### Goal of the exercise:
All of the entries below are to be copied word for word.

(Data provided Opens)

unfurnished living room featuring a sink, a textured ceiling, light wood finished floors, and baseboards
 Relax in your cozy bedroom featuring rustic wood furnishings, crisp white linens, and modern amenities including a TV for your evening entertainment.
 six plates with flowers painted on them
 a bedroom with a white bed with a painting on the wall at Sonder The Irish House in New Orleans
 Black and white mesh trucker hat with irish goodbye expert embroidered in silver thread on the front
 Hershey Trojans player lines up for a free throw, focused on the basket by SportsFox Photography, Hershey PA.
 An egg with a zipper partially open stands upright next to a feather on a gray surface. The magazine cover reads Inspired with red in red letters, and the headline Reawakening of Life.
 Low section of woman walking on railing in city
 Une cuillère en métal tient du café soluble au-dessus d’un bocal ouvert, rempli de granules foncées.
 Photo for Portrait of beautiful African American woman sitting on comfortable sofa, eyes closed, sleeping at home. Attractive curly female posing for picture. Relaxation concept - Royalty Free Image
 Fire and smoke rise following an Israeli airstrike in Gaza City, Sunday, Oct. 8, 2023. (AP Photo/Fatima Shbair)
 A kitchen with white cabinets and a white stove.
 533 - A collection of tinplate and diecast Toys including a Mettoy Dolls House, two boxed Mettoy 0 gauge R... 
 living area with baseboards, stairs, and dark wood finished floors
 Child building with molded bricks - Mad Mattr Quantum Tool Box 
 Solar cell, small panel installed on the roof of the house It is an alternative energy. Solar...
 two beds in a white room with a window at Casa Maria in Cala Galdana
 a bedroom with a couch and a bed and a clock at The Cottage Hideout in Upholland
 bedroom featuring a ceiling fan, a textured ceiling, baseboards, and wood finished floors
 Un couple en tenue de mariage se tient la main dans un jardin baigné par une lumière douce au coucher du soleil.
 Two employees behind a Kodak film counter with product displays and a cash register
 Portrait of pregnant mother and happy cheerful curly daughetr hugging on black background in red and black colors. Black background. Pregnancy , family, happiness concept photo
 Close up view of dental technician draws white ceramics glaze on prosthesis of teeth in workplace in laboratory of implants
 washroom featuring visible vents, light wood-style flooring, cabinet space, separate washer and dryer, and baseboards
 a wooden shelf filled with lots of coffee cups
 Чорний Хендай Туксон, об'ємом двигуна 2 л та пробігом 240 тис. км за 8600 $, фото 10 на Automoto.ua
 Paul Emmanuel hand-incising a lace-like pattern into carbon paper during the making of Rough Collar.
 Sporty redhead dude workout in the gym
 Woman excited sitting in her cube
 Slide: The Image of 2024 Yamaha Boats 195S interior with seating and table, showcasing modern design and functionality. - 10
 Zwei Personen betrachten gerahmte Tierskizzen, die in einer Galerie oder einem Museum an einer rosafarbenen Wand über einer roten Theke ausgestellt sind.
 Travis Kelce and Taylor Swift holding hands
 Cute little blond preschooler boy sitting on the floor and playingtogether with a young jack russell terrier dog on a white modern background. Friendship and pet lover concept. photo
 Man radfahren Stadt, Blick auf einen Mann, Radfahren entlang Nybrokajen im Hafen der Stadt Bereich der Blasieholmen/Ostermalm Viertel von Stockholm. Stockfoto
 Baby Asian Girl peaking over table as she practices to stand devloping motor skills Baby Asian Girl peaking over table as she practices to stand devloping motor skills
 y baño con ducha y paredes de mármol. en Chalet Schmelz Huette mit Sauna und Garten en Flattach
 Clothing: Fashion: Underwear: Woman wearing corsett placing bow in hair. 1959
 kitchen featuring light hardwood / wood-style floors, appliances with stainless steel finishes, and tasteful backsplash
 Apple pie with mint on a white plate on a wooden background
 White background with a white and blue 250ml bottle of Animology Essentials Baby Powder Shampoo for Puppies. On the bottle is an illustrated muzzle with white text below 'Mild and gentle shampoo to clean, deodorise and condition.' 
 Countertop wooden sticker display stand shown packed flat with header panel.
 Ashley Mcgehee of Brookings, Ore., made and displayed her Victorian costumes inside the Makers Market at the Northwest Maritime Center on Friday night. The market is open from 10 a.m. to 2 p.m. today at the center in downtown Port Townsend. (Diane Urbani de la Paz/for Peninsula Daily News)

(Data provided Closes)

### Result:
unfurnished living room featuring a sink, a textured ceiling, light wood finished floors, and baseboards
 Relax in your cozy bedroom featuring rustic wood furnishings, crisp white linens, and modern amenities including a TV for your evening entertainment.
 six plates with flowers painted on them
 a bedroom with a white bed with a painting on the wall at Sonder The Irish House in New Orleans
 Black and white mesh trucker hat with irish goodbye expert embroidered in silver thread on the front
 Hershey Trojans player lines up for a free throw, focused on the basket by SportsFox Photography, Hershey PA.
 An egg with a zipper partially open stands upright next to a feather on a gray surface. The magazine cover reads Inspired with red in red letters, and the headline Reawakening of Life.
 Low section of woman walking on railing in city
 Une cuillère en métal tient du café soluble au-dessus d’un bocal ouvert, rempli de granules foncées.
 Photo for Portrait of beautiful African American woman sitting on comfortable sofa, eyes closed, sleeping at home. Attractive curly female posing for picture. Relaxation concept - Royalty Free Image
 Fire and smoke rise following an Israeli airstrike in Gaza City, Sunday, Oct. 8, 2023. (AP Photo/Fatima Shbair)
 A kitchen with white cabinets and a white stove.
 533 - A collection of tinplate and diecast Toys including a Mettoy Dolls House, two boxed Mettoy 0 gauge R... 
 living area with baseboards, stairs, and dark wood finished floors
 Child building with molded bricks - Mad Mattr Quantum Tool Box 
 Solar cell, small panel installed on the roof of the house It is an alternative energy. Solar...
 two beds in a white room with a window at Casa Maria in Cala Galdana
 a bedroom with a couch and a bed and a clock at The Cottage Hideout in Upholland
 bedroom featuring a ceiling fan, a textured ceiling, baseboards, and wood finished floors
 Un couple en tenue de mariage se tient la main dans un jardin baigné par une lumière douce au coucher du soleil.
 Two employees behind a Kodak film counter with product displays and a cash register
 Portrait of pregnant mother and happy cheerful curly daughetr hugging on black background in red and black colors. Black background. Pregnancy , family, happiness concept photo
 Close up view of dental technician draws white ceramics glaze on prosthesis of teeth in workplace in laboratory of implants
 washroom featuring visible vents, light wood-style flooring, cabinet space, separate washer and dryer, and baseboards
 a wooden shelf filled with lots of coffee cups
 Чорний Хендай Туксон, об'ємом двигуна 2 л та пробігом 240 тис. км за 8600 $, фото 10 на Automoto.ua
 Paul Emmanuel hand-incising a lace-like pattern into carbon paper during the making of Rough Collar.
 Sporty redhead dude workout in the gym
 Woman excited sitting in her cube
 Slide: The Image of 2024 Yamaha Boats 195S interior with seating and table, showcasing modern design and functionality. - 10
 Zwei Personen betrachten gerahmte Tierskizzen, die in einer Galerie oder einem Museum an einer rosafarbenen Wand über einer roten Theke ausgestellt sind.
 Travis Kelce and Taylor Swift holding hands
 Cute little blond preschooler boy sitting on the floor and playingtogether with a young jack russell terrier dog on a white modern background. Friendship and pet lover concept. photo
 Man radfahren Stadt, Blick auf einen Mann, Radfahren entlang Nybrokajen im Hafen der Stadt Bereich der Blasieholmen/Ostermalm Viertel von Stockholm. Stockfoto
 Baby Asian Girl peaking over table as she practices to stand devloping motor skills Baby Asian Girl peaking over table as she practices to stand devloping motor skills
 y baño con ducha y paredes de mármol. en Chalet Schmelz Huette mit Sauna und Garten en Flattach
 Clothing: Fashion: Underwear: Woman wearing corsett placing bow in hair. 1959
 kitchen featuring light hardwood / wood-style floors, appliances with stainless steel finishes, and tasteful backsplash
 Apple pie with mint on a white plate on a wooden background
 White background with a white and blue 250ml bottle of Animology Essentials Baby Powder Shampoo for Puppies. On the bottle is an illustrated muzzle with white text below 'Mild and gentle shampoo to clean, deodorise and condition.' 
 Countertop wooden sticker display stand shown packed flat with header panel.
 Ashley Mcgehee of Brookings, Ore., made and displayed her Victorian costumes inside the Makers Market at the Northwest Maritime Center on Friday night. The market is open from 10 a.m. to 2 p.m. today at the center in downtown Port Townsend. (Diane Urbani de la Paz/for Peninsula Daily News)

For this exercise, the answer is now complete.